Sunday, November 12, 2000

The Dismissal -- 25th Anniversary

Today is the twenty-fifth anniversary of the dismissal of Gough Whitlam's Labor government by the then Governor-General, Sir John Kerr.  This momentous event cast a long and destructive shadow over Australian political life, ushering in seven years of aimless Coalition rule under Malcolm Fraser, and many more years of Labor bitterness about its abrupt loss of power at the hands of Kerr and Fraser.

It was triggered by the determination of the conservative controlled Senate to defer the money supply bill until Whitlam agreed to an election for the House of Representatives.  By November 1975, economic mismanagement and a series of scandals had so overwhelmed the Whitlam government that it was almost certain to lose such an election.  So it held out in the hope that the Senate would back down, causing government business to come to a virtual standstill in the process.

Although legal, the Senate's decision to block supply went against a long-standing parliamentary convention, and conservatives claimed to respect such conventions.  Worse, the conservative parties only controlled the Senate because the sudden death of Queensland Labor Senator Bert Milliner had allowed Premier Joh Bjelke-Peterson to appoint a lackey to take his place.  That too was legal, but it was still a sleazy act.

Labor's rage over the dismissal now seems to have petered out amongst all but the most ardent believers.  But for many years Fraser was blithely characterised as a "fascist" by stalwarts on the left, and in graffiti and political posters denouncing him they would usually substitute a swastika for the "s" in his name.  This was particularly contemptible, given that Fraser appeared to be genuinely hostile to racism.

So in 1975 no-one would have predicted that the ultimate denouement of that shocking November day would come with Malcolm Fraser being anointed as a latter day Whitlamite, fondly regarded as a national treasure and man of principle by the very people who formerly despised him as a ruthless and arrogant opportunist.

A bill of rights;  an apology and compensation for the "stolen generations";  deference to partisan United Nations sub-committees that denounce Australia -- Fraser's advocacy of these and many similar positions has allowed him to become a denizen of that exalted place, the progressives' moral high ground.
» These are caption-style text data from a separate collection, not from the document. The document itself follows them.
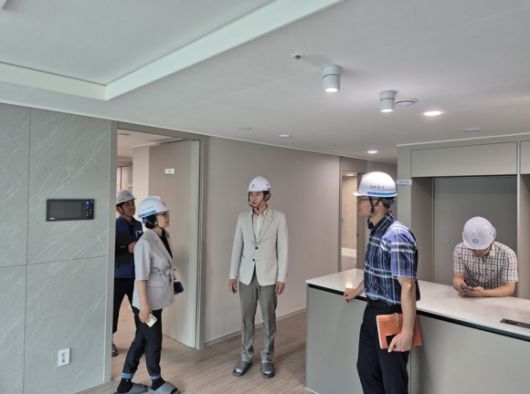 현장점검 중인 최진혁 의원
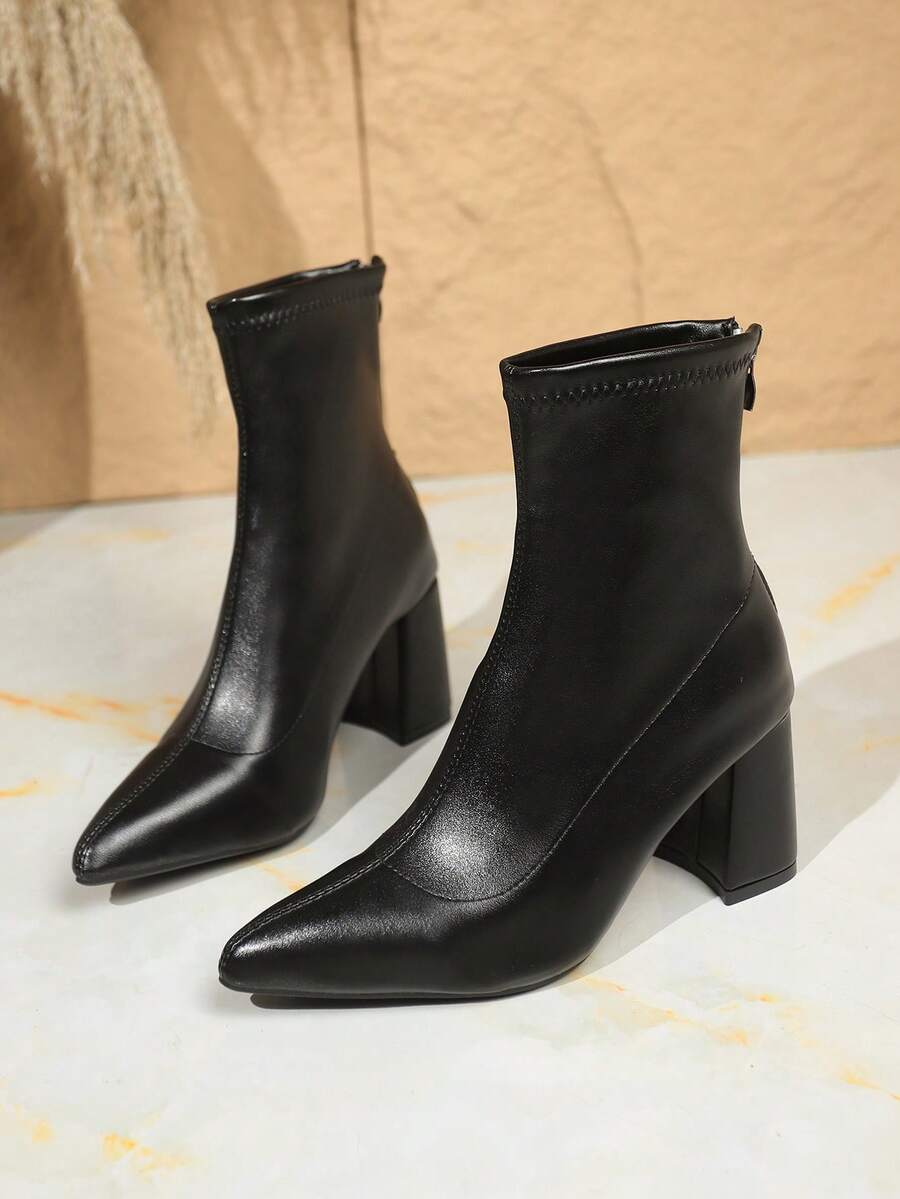 2025秋冬新款Tfends女士英伦风真皮踝靴，优雅厚底踝靴，Mailard棕色。复古尖头金属侧拉链靴，厚跟切尔西高筒靴。美式中跟西部靴，时尚短筒靴。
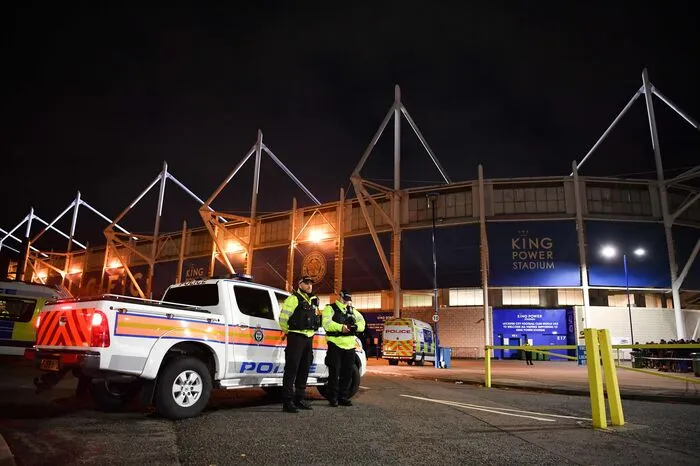 Leicesters Feuerwehrchef Andrew Brodie sprach zwar von einem "ernsten und tragischen" Unfall, machte aber unter Hinweis auf Familien, Freunde und Vereins-Fans keine Angaben zu Zahl oder Namen der Opfer.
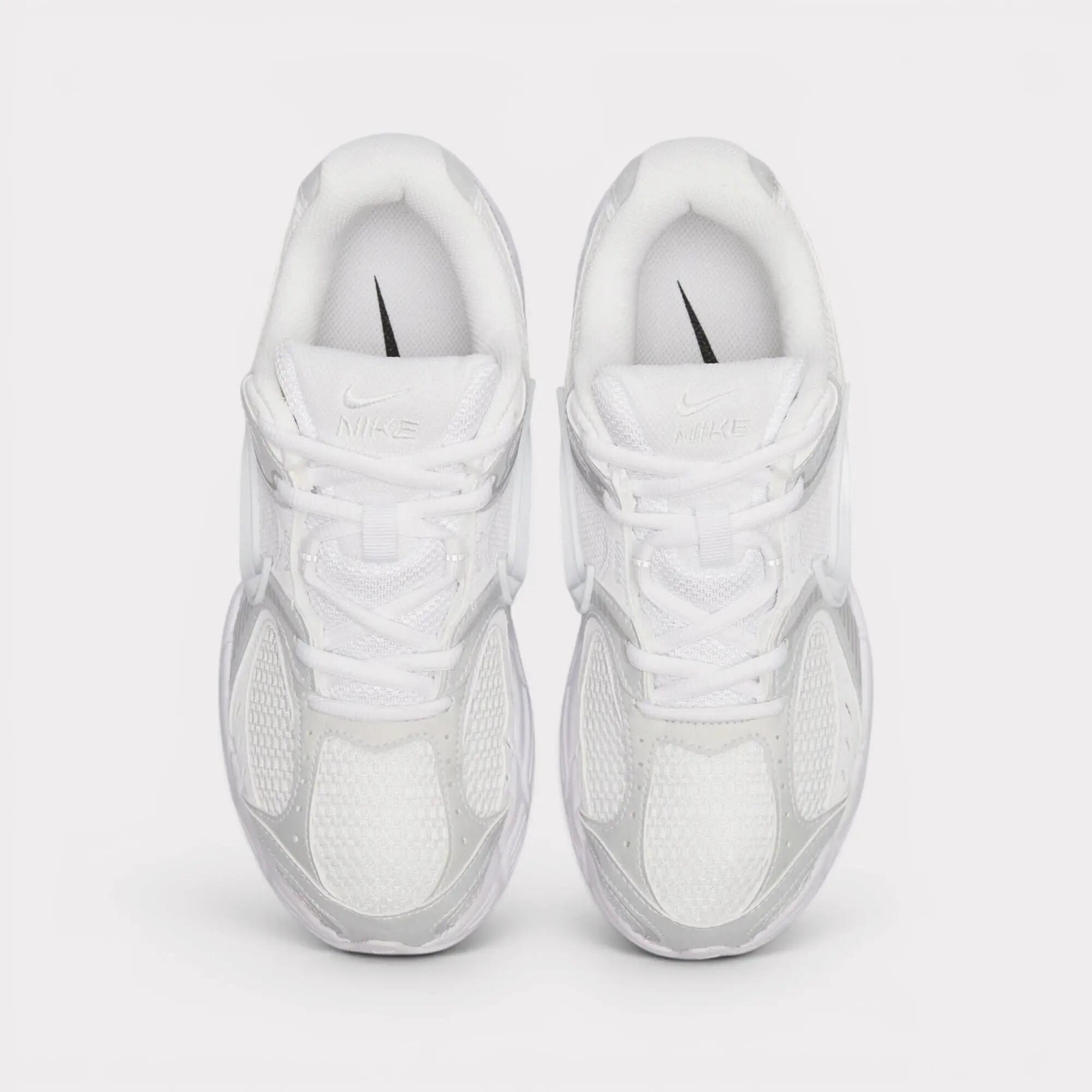 Nike V5 RNR Damen Sneaker 5/6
Only two months ago the great Gough himself told the world that Fraser had become a "vastly improved man".  "I can't think of anything he's said in the last 10 years with which I did not agree", said Whitlam of his former adversary.  And in a recent interview Fraser claimed that Kim Beazley has told him, "Malcolm, I'm finding it very difficult to find an issue on which I'm more to the left than you".
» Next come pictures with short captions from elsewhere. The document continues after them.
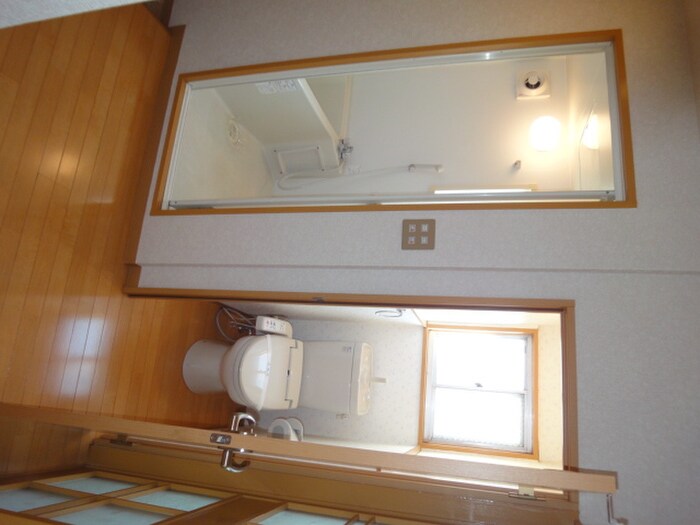 物件内観写真9　(トイレ)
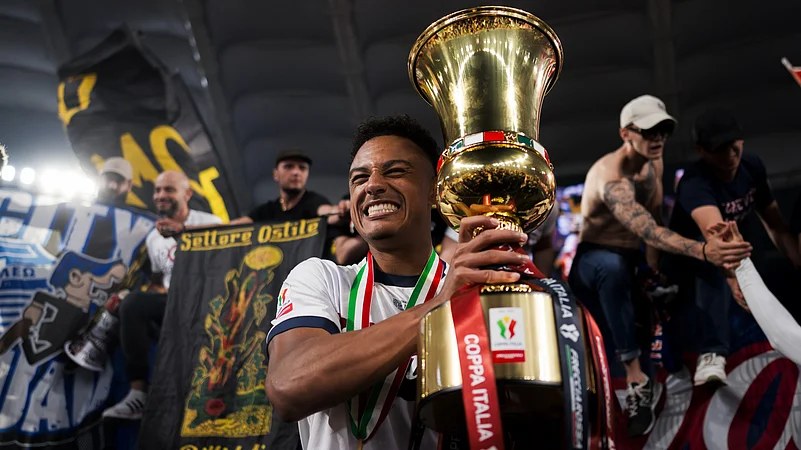 Bologna Dan Ndoye Coppa Italia trophy
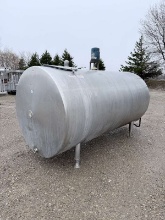 2700 Gallon Bulk Milk Tank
In retrospect however, Fraser's apparent transformation is not so surprising.

Even though the Coalition parties achieved a landslide victory in the Federal election held a few weeks after the dismissal -- and a victory that was only marginally smaller in the 1977 election -- progressive opinion never really accepted that the Fraser government had a rightful claim to govern.  In their eyes Fraser had initially come to power through a "coup", with some of the more unbalanced and conspiratorially minded members of the left even believing that the CIA had played a significant part in his triumph.

Fraser would never have doubted that every aspect of his accession to government was constitutional.  But at some level he was obviously affected by the relentless assault on his authority coming from newly politicised sections of academia, the arts, the media and the churches.  He must have accepted that there were at least some grounds for Labor's anger about the way he came to power, and felt a sense of guilt that had to be assuaged.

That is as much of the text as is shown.